Continuous variables with a normal distribution were defined with mean and standard deviation, while skewed distributions were defined with median and 25^th – 75^th percentiles. Age and AMH levels were identified as potential confounders and groups were checked for imbalances regarding these variables with propensity scores. Then groups were matched on age and AMH levels with exact matching on AMH levels, which were rounded to the nearest one decimal place to help finding matches. Replacement was allowed if no unique alternative could be found for an individual. After balancing the propensity score of both groups, the outcomes were compared between flexible and fixed PPOS groups with mixed effect generalized models using match and patient identifier (repeat cycles) as random effects. Log-binomial link function was used for binary outcomes (premature LH surge) and log-Poisson link function was used for count data (MII oocyte count, follicle count). Outcomes were reported as risk ratios with 95% confidence intervals. A sample size of ~90 women with 1:2 allocation was planned as it allowed for the estimation of 25% change ( ± 1 oocyte) in MII oocyte count or more with adequate power (alfa: 0.05; beta:0.80) and with a median MII oocyte yield of 4. Violin plots were used for graphical representation of the results. All analyses were conducted with R for Statistical Computing Software (v.4.0.4).

Results

During the screening period, there were 107 PPOS cycles of 82 women for oocyte cryopreservation. All women were nulligravid. Nine cycles were excluded due to missing AMH values, one was excluded due to irregular periods (Figure 1). Two of the remaining 97 PPOS cycles were cancelled before oocyte retrieval, one in each group, yielding an overall cancelation rate of 2%.

FIGURE 1

Figure 1 Study enrolment diagram.

Among women who had oocyte retrieval, 65 with flexible and 30 with fixed PPOS. At baseline women on fixed and flexible PPOS had similar age (mean difference: -2.17 years, 95% CI: -4.46 – 0.11, P = 0.062), BMI (mean difference: 0.90 kg/m², 95% CI: -0.55 – 2.37, P = 0.217) and serum AMH levels (mean difference: 0.10 ng/mL, 95% CI: -0.24 – 0.47, P = 0.524). Slight imbalances between the groups were rectified with propensity score matching using age and AMH levels (Figure S1). After matching the groups were better balanced regarding age and baseline AMH levels with mean difference effect size less than 0.05 (Cohen’s D) (Table 1).

TABLE 1

Table 1 Baseline characteristics of oocyte freezing cycles before and after propensity score matching.
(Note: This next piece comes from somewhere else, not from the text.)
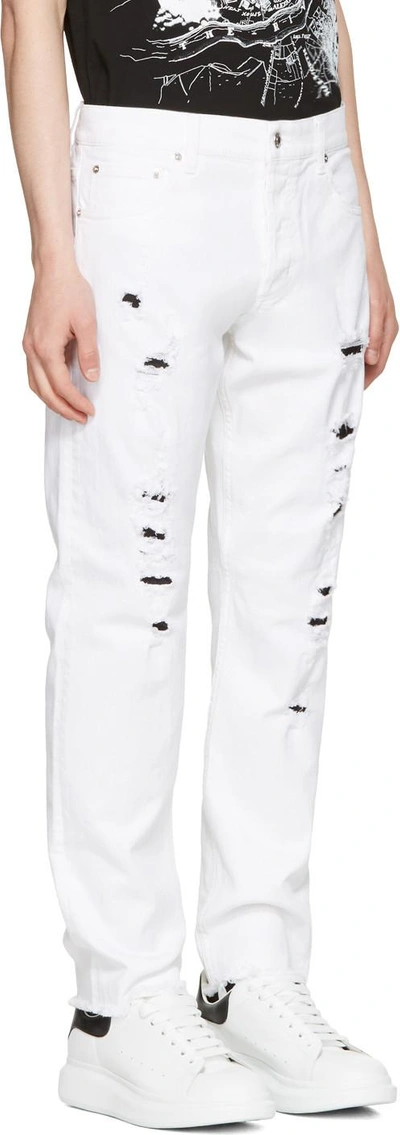 Shop Alexander Mcqueen White Distressed Jeans In 9001 - White Stonewa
Analysis of the matched cohort with mixed-effects regression models showed no significant differences between flexible and fixed progestin protocols regarding the incidence of premature LH surge (RR: 1.47, 95% CI: 0.51 – 5.27, p = 0.50), follicle count larger than 14mm on hCG day (RR: 1.17, 95% CI: 0.95 – 1.45, p = 0.14), number of MII oocytes retrieved (RR: 0.94, 95% CI: 0.78 – 1.14, p = 0.56) (Table 2). The rate of no oocyte retrieval was same between the groups (0.0 vs. 0.0%, fixed vs. flexible) but no formal estimation was possible. The median counts of follicles larger than 14mm on hCG day (median: 4.0 vs. 4.0, fixed vs. flexible PPOS, respectively) and number of collected MII oocytes (median: 4.5 vs. 4.0, fixed vs. flexible PPOS, respectively) along with distribution characteristics of each variable are presented as violin plots in Figure 2.

TABLE 2

Table 2 Outcome of fixed and flexible progestin regimens on ovulation induction outcomes.

FIGURE 2

Figure 2 Number of follicles larger than 14mm on maturation trigger day (A) and retrieved metaphase-II oocyte count (B) in fixed and flexible progestin regimen groups.

Discussion

In the present sample flexible and fixed PPOS had no appreciable differences regarding MII oocyte yield and the incidence of premature LH surges. Cycles without oocyte retrieval were rare in both groups and ultrasonographic parameters of response to stimulation were similar.

Inclusion of all cases available within a specified time frame to limit selection bias, matching for important confounders by propensity score, using a fixed dose of the same gonadotrophin for all patients, and all treatment decisions being taken by a single physician (BA) are the strengths of the study. The outcomes, (e.g., metaphase two oocytes, etc.) were not subject to measurement bias depending on exposure (fixed vs. flexible PPOS). All these points put our estimates at low to moderate risk of bias according to observational study bias assessment tool, ROBINS-I (6). While the sample size can be regarded as a limitation of our study, it is powered for the estimation of a ≥25% change, which corresponds to the smallest possible change in the unit of analysis (i.e., one MII oocyte with a median oocyte yield of four). The literature is limited on this topic and our contribution could be combined into pooled estimates of systematic reviews in the future. Failure to report pregnancy or live birth rates is a limitation, yet currently available data does not suggest that oocyte competency to reach live birth is affected by pituitary suppression protocols (1). In women with poor ovarian reserve, live birth rate per stimulation cycle is usually low and an unattainably high number of participants are required to demonstrate any small differences that can be brought about by stimulation protocols as statistically significant. Thus, many studies involving women with poor ovarian reserve, rely on oocyte yield as a measurable intermediate outcome to direct clinical practice. Yet, the observations from the present study are only generalizable to women with decreased ovarian reserve, who may have different follicular growth dynamics than women with normal or high ovarian reserve, e.g., more inclined to premature ovulation (4).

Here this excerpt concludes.